This benchmark seems irrelevant

The benchmark with 1B rows in this blogpost seems irrelevant for comparing performance of different programming languages.

It seems like the execution time of a program would be dominated by loading data from the file. And a lot of people posted solution with specs of cpu but not specs of disk (hdd, ssd, raid) although that seems more relevant.

Why would they compare languages and solutions in this way?

https://devclass.com/2024/01/04/how-fast-is-your-programming-language-new-contest-and-benchmarks-spark-debate/Open link View original on lemmy.world

Comments5

aubeynarf

lemmynsfw.com

aluminium reply

lemmy.world

Also big "enterprise" Software usually becomes slow due to fundamental issues or issues in the architecture.

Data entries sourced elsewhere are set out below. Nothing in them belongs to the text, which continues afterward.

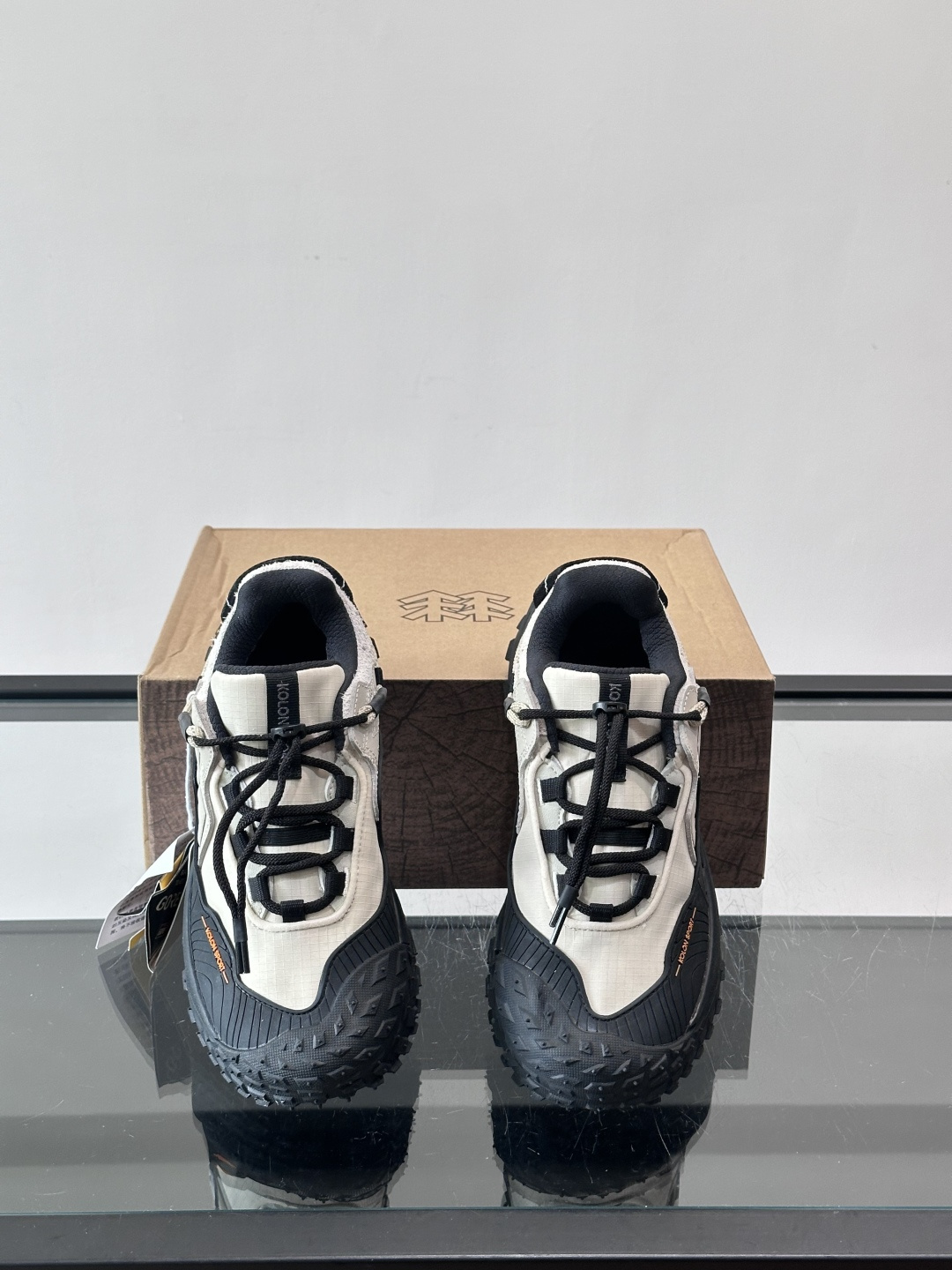 👟可隆LITCAMPMEGA徒步鞋，配色超美！GORE-TEX防水，户外雨天也不怕湿脚。Vibram大底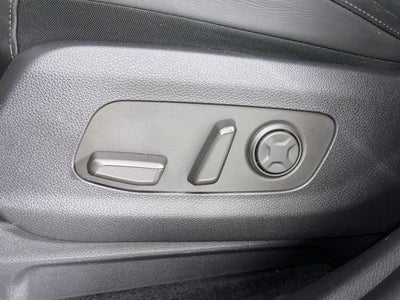 2025 Kia Carnival SX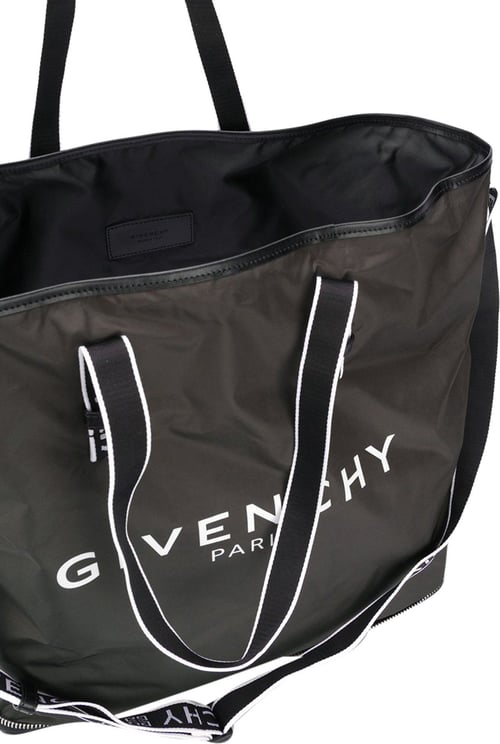 Givenchy Givenchy Bags.. Black Black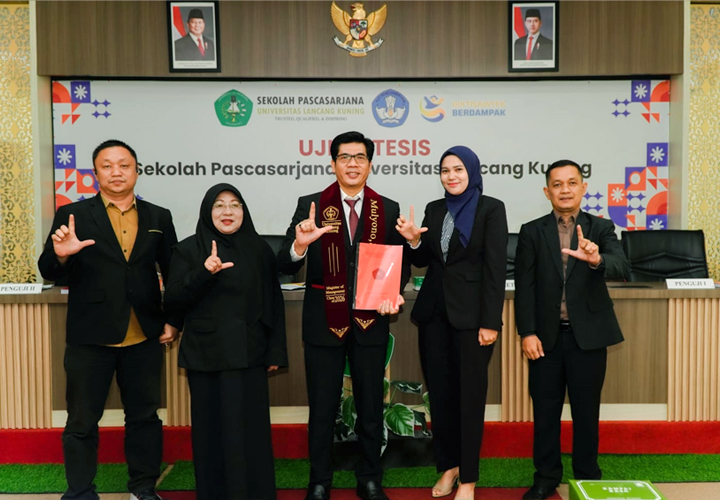 Selesaikan Tesis di Unilak, H. Mulyono Buktikan Ilmu dan Pengabdian Bisa Berjalan Beriringan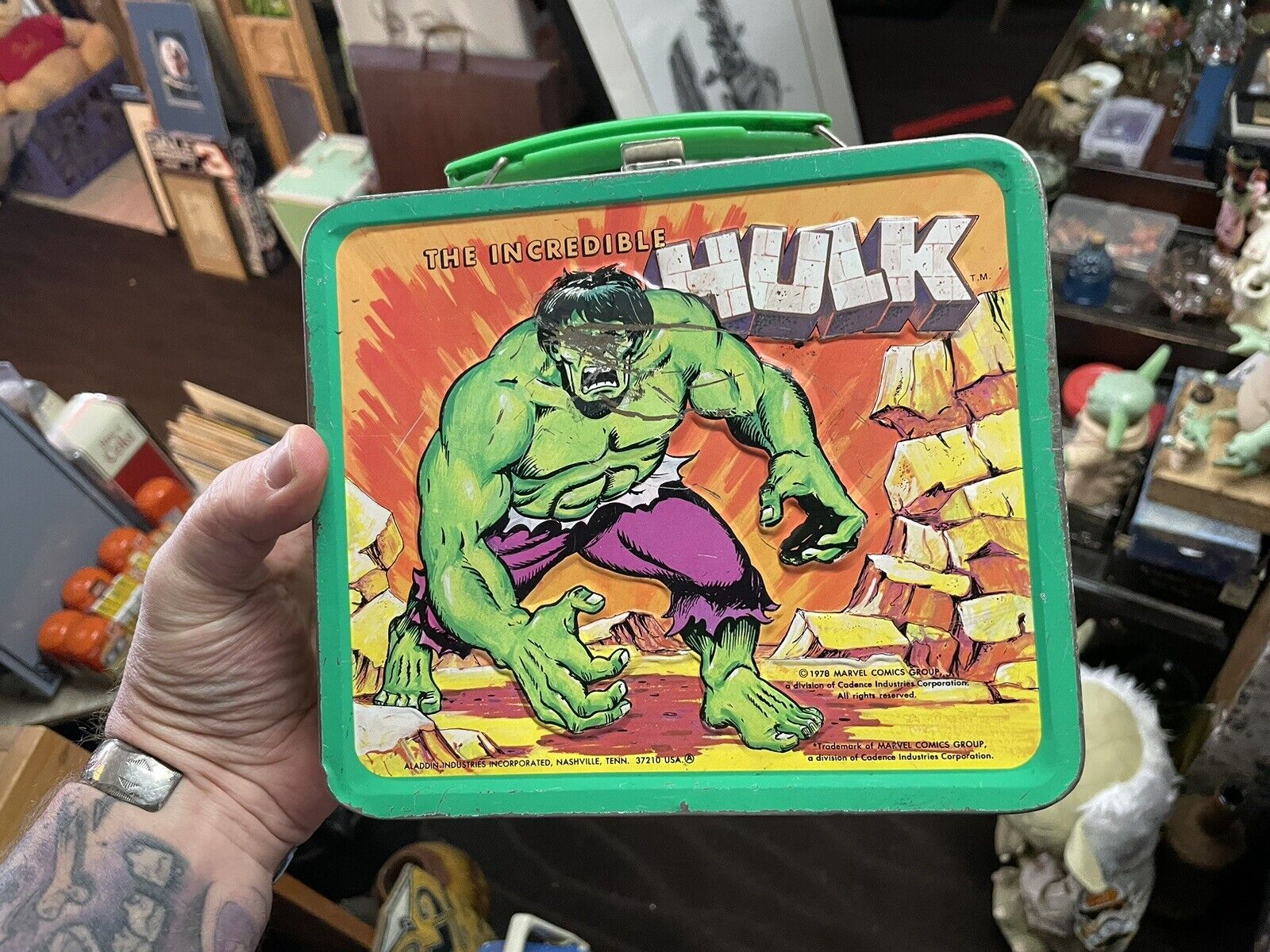 Marvel Comics, vintage incredible hulk 1970s lunch box trash bin MCU Aladdin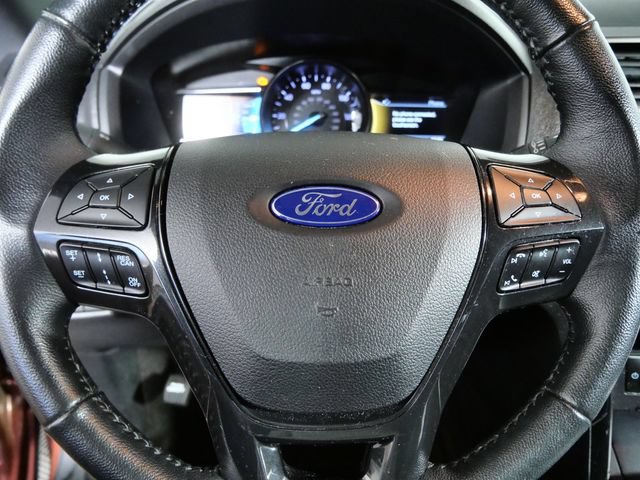 Certified 2018 Ford Explorer XLT w/ Equipment Group 202A AWD/4WD image 24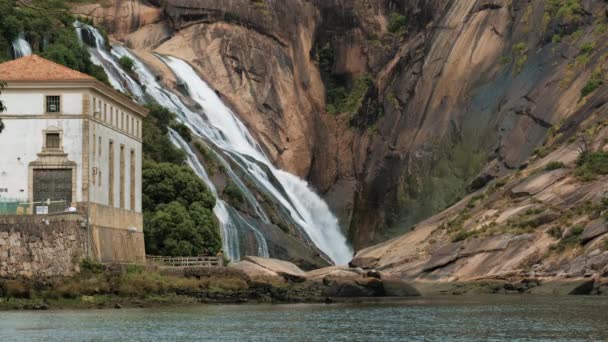 Xallas fluss und ezaro wasserfall in galicien spanien — Stockvideo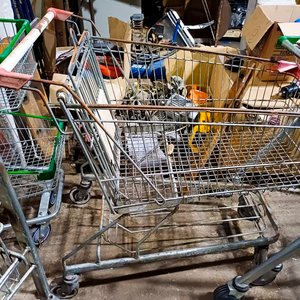 2 Carros de Supermercado: Uno Tipo Aeropuerto y Otro con Detalles - imagen 2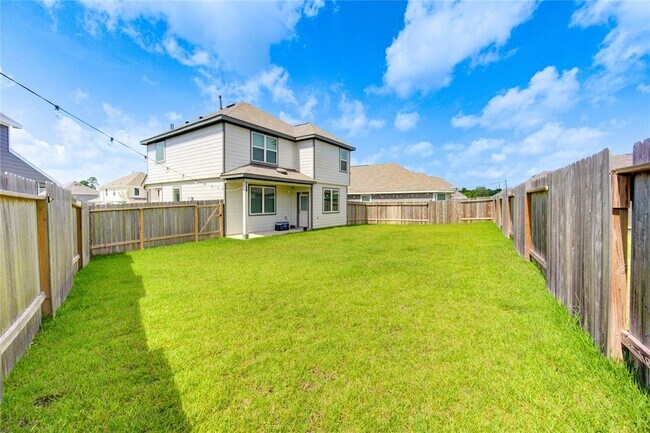 Building Photo - 2404 Shellcracker Dr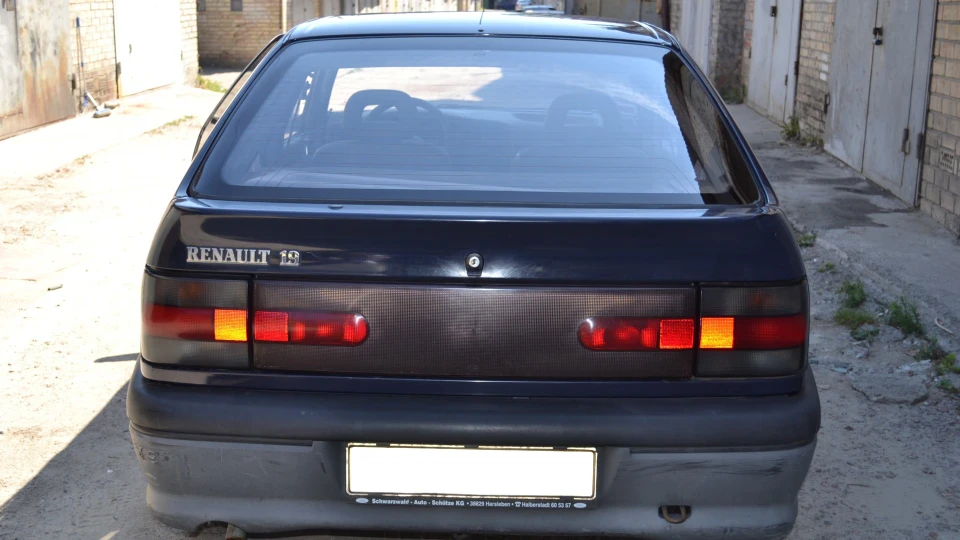 Renault 19 3 дверцята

For example I worked on maintaining an old Java EE project and people there constantly made multiple sequencial HTTP requests despite the requests not being dependent on one another.

killeronthecorner

lemmy.world

To answer your question about environmental and hardware factors - from the repo:

Results are determined by running the program on a Hetzner Cloud CCX33 instance (8 dedicated vCPU, 32 GB RAM). The time program is used for measuring execution times, i.e. end-to-end times are measured.

AlphaAutist reply

lemmy.world

That seems to only be for the Java code

How fast though is Java versus other languages? A show and tell page has submissions in Rust, C#, Go, Python, PostgreSQL, Python, C, C++, and more. These are hard to compare with one another since they have been run on different hardware, but there are some impressive results, including one under 5 seconds done with C on an AMD laptop, and a C# solution that runs in 5.3 seconds on a Core i5-12500 with 6 cores.

killeronthecorner reply

lemmy.world

The show and tell page is exactly that, show and tell; not a scientific or balanced comparison.

The original challenge only compared JDK solution in this way. Further down there is a link to another repo that does that same across many languages, and uses the same M1 MacBook Pro to run the tests.

orhtej2

eviltoast.org

I would assume they want to factor in startup time as well as IO handling overhead - raw disk IO should be the same given programs are run in the same environment.